Know Your Traditional and E-closing Options
There’s been a lot of buzz about online notaries and digital closings over the past year. While many states will start to consider online notary legislation, the fact remains there are four main ways closings can occur. Here’s a summary of the options:
Traditional Wet Signing: These closings are handled in-person and all of the documents are in paper format. The closing is handled with an in-office or mobile notary public signing with the buyers and sellers. They can also be conducted by what is called a mail-away, where the documents are mailed to the buyers and sellers, who must locate a public notary in their area and sign in their presence.
Hybrid E-closing: These closings are similar to the traditional closing in that they are handled in-person.

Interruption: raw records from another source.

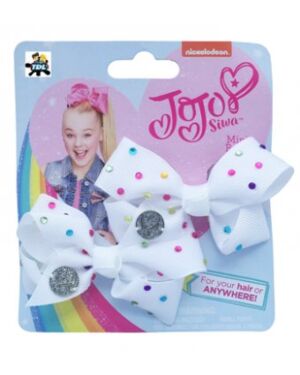 JoJo Siwa Metallic Bow 2 Pack - Siler TD10527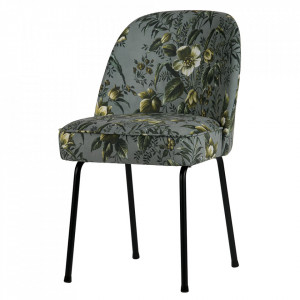 Scaun dining multicolor din catifea si metal Vogue Poppy Be Pure Home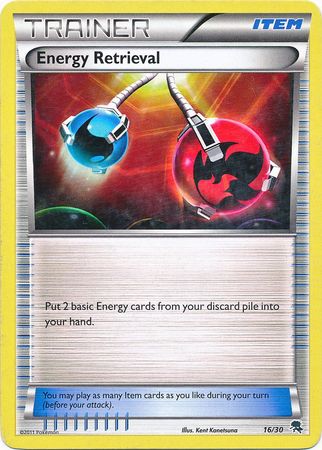 Energy Retrieval (16/30) [Black & White: Trainer Kit - Zoroark] | Galaxy Games LLC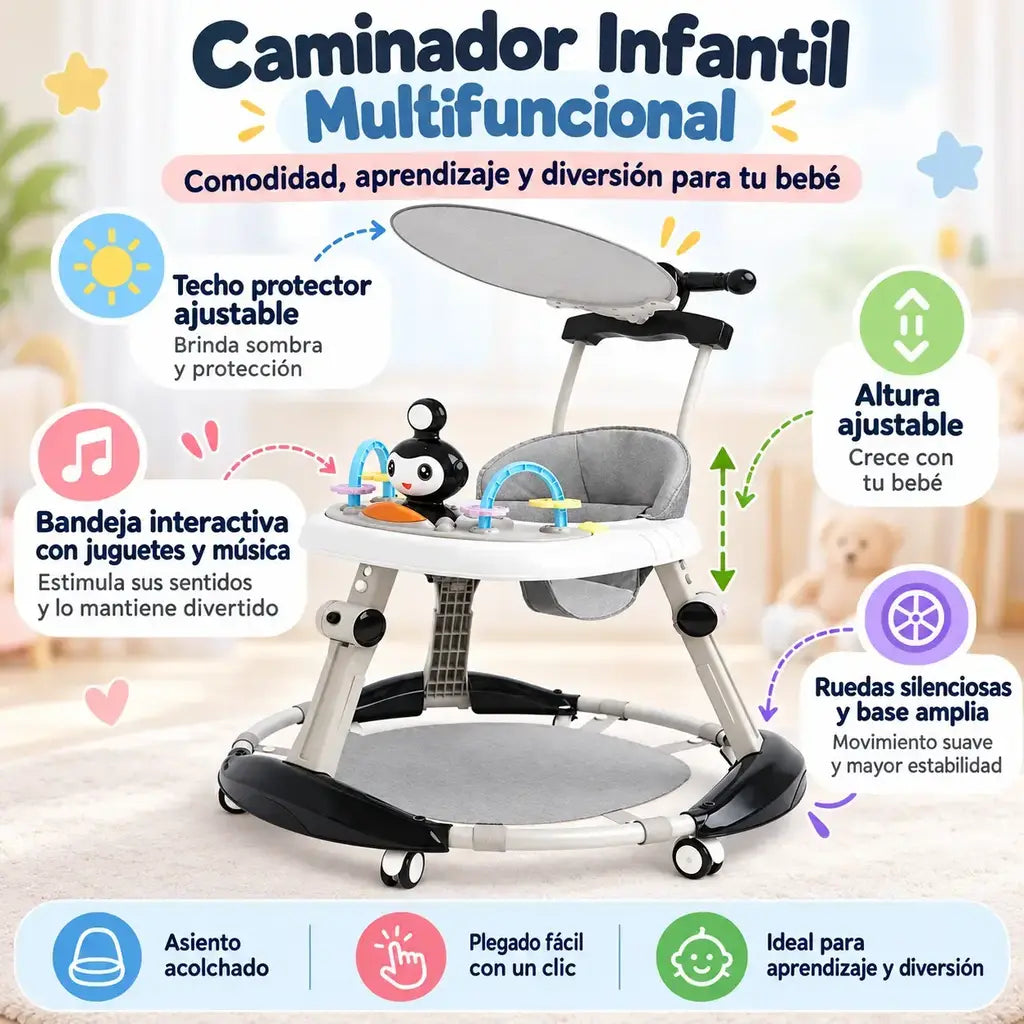 Caminador infantil multifuncional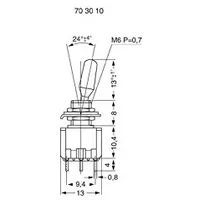MIYAMA MS Kippschalter 6A-125VAC, 1x (Ein)/Aus/(Ein)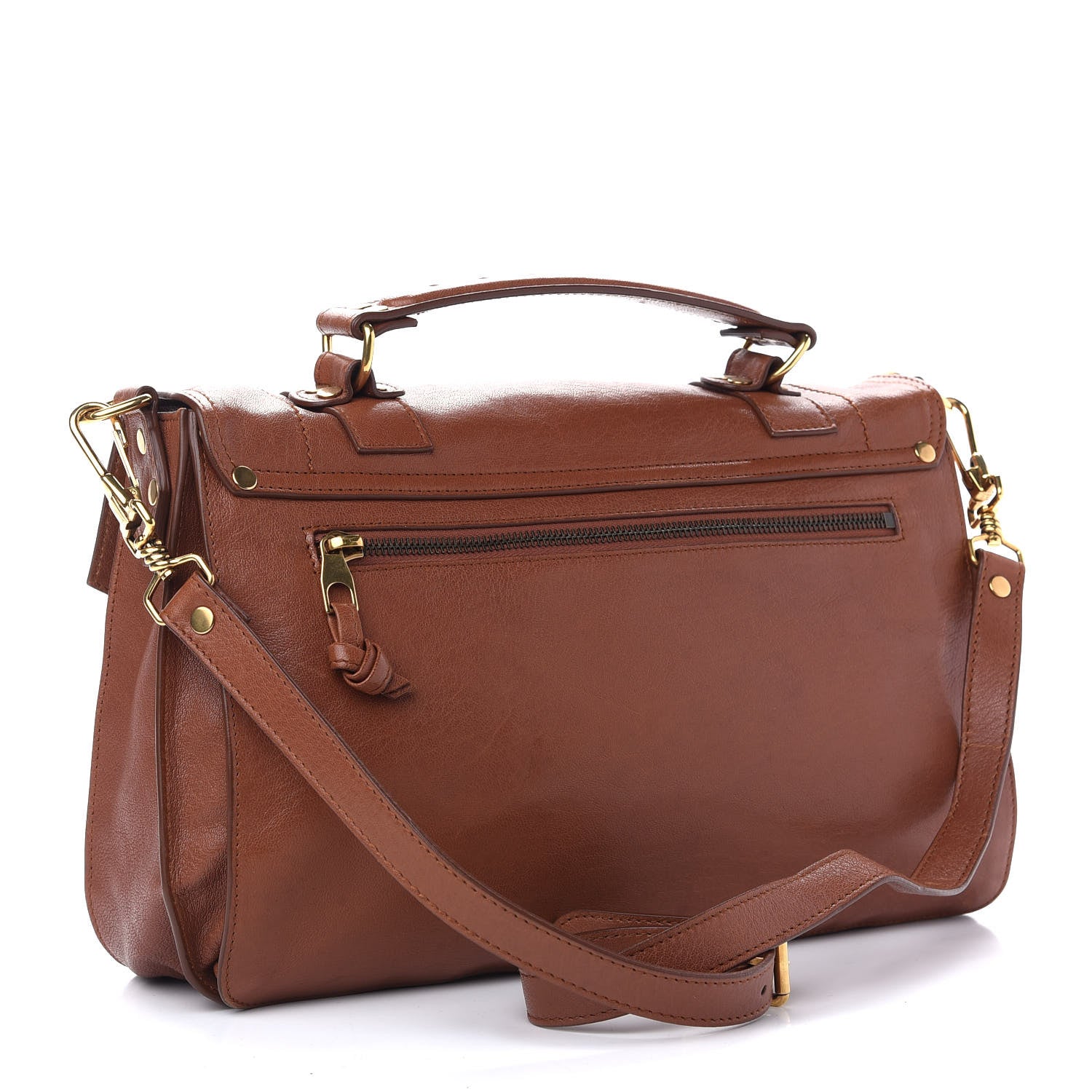 Proenza Schouler Lambskin Medium PS1 Satchel Saddle 3 of 9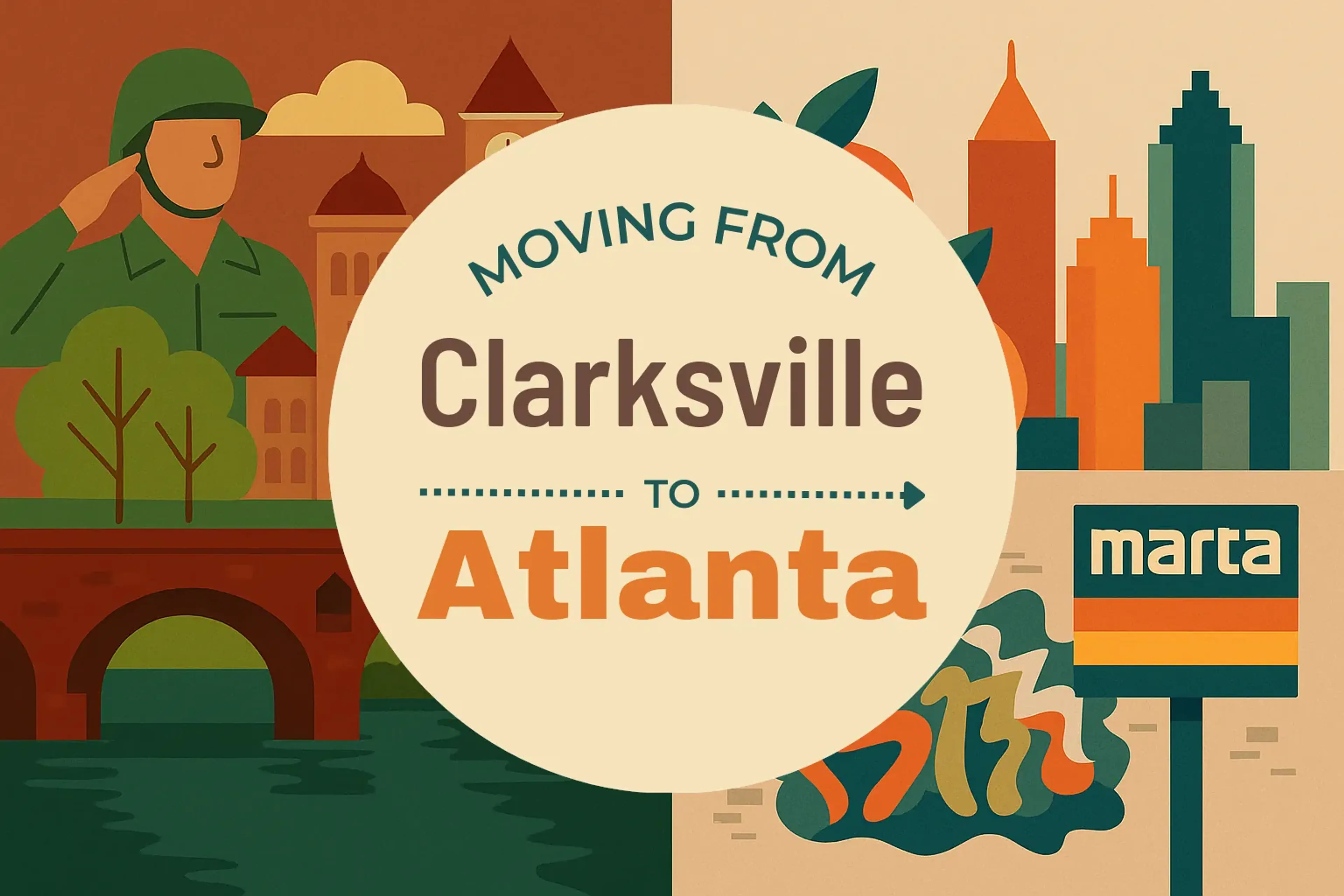 Side-by-side comparison of Clarksville to Atlanta moving companies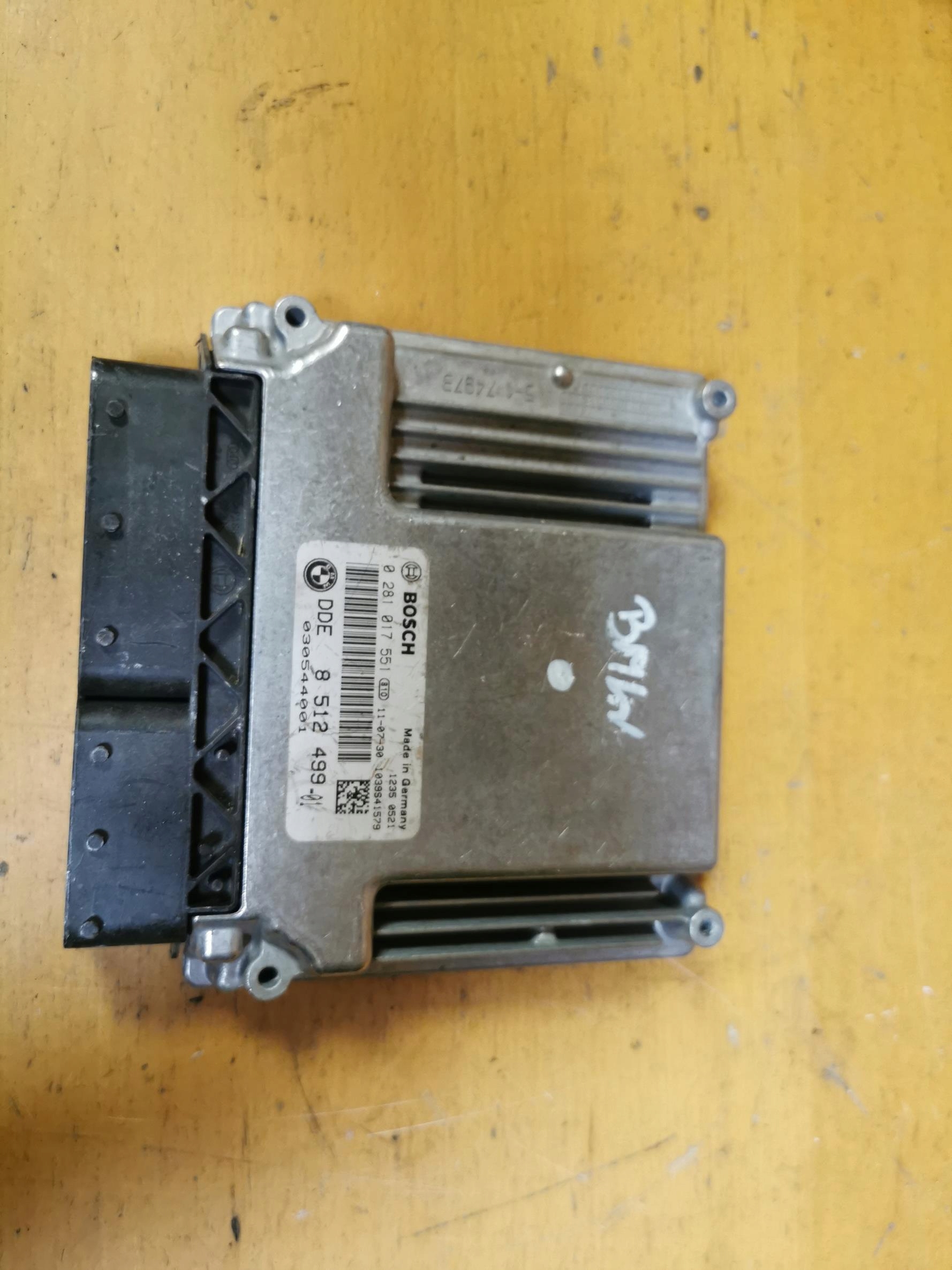 control unit computer of the engine BMW SERIA 1 E87 E81 2.0D 143KM 8512499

Some of the documents are wet signed, while some are signed digitally with an e-signature. These are typically handed in-office or the mobile notary drives to meet the buyers and sellers.
In-person Digital E-closing: Terms for this type of closing have not been standardized yet in the industry. In this closing, the notary public is sitting face-to-face with the buyers and sellers, but 100 percent of the documents are signed with e-signatures. This can happen in the title agent’s office or the notary public can meet the buyers and sellers at a different location.
Online Notary E-closing: This type of closing is the newest version. It has many different names, but often referred to as online notary. You might also hear the terms webcam or remote used to describe this type of closing. What’s new here is that the notary public is not face-to-face with the signers. Instead the notary public appears before the buyers and sellers via some webcam or audio visual-technology. Because of that, all of the documents are digital and e-signed. Currently, only two states have legislation on the books that governs online notaries. Virginia and Montana allow for this type of closing in certain circumstances. Texas and Nevada passed online notary bills that go into effect in 2018. Several other states will consider online notary legislation in 2018 as well.